TASK ITEM: Your answer must match, word for word, the lines from the one holding "প্রথম দিনের খেলা" through the final line below, with pictures excluded.

DATA:
>>>>

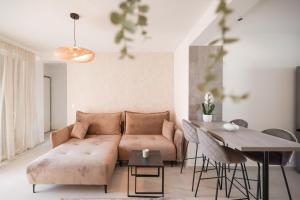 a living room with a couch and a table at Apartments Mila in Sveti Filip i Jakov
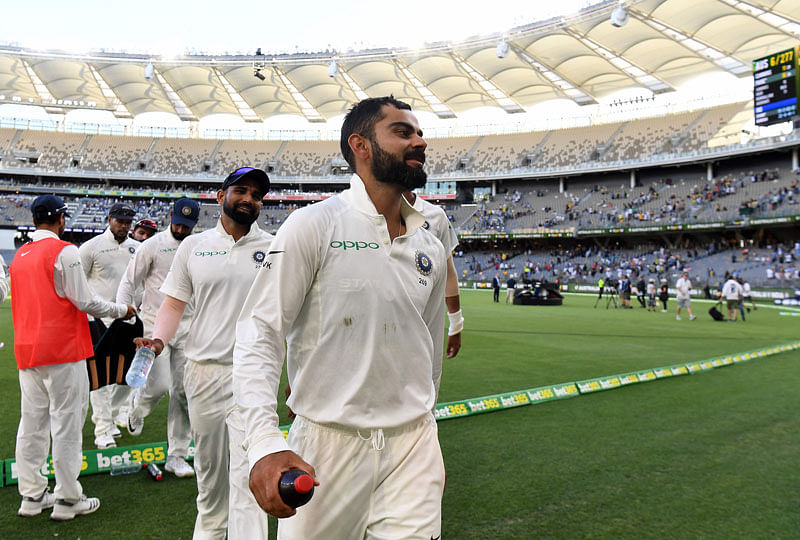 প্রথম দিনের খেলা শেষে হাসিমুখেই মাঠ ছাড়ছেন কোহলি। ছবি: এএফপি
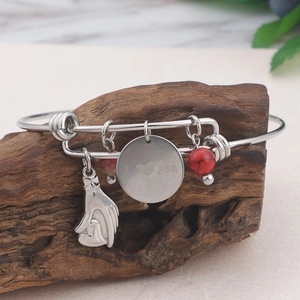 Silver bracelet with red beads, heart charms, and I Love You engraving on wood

<<<<

ANSWER:
 প্রথম দিনের খেলা শেষে হাসিমুখেই মাঠ ছাড়ছেন কোহলি। ছবি: এএফপি
 Silver bracelet with red beads, heart charms, and I Love You engraving on wood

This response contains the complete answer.